クールな敏腕上司の素顔が甘すぎて蕩けそうです。

①①

「実は出張に来た時にここを案内したいと思ってたから、早速連れてこられて良かった」

「私をですか」

「いつも頑張ってくれてるご褒美にな」

 言いながら、桐谷の前髪が額に触れる距離にぐいと顔を寄せてくる。
 何事かと目を丸くすると、「マスク、なくていいじゃん」ゴムに指を引っ掛けて外された。
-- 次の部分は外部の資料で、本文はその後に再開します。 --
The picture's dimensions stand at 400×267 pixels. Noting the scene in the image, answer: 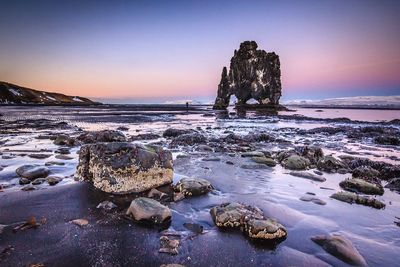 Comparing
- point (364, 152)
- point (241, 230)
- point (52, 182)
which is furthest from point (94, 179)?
point (364, 152)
「彼女でもない人にそんなことして怒られないんですか?」

「誰に?」

「だって、指輪……」

「あぁ」

 桐谷は思い出したように左手を広げる。そこにはやはり何もなかった。
 けれど、指輪の痕は残っている。ずっとその場所を束縛していたような窪みが、輪になって存在感を放っている。

 翠葉は無意識に唇を結んだ。そして次の瞬間、自分がショックを受けていると気付く。

 まさか自分が桐谷の恋愛対象なんかになれるはずもないし、そもそも、今は好きな人すらいないではないか。
 なのに何故、知りもしない人を想像して敗北を感じているのか、自分自身が分からなくて戸惑いを隠せない。

 けれど、桐谷の言葉に今度は瞠目としてしまった。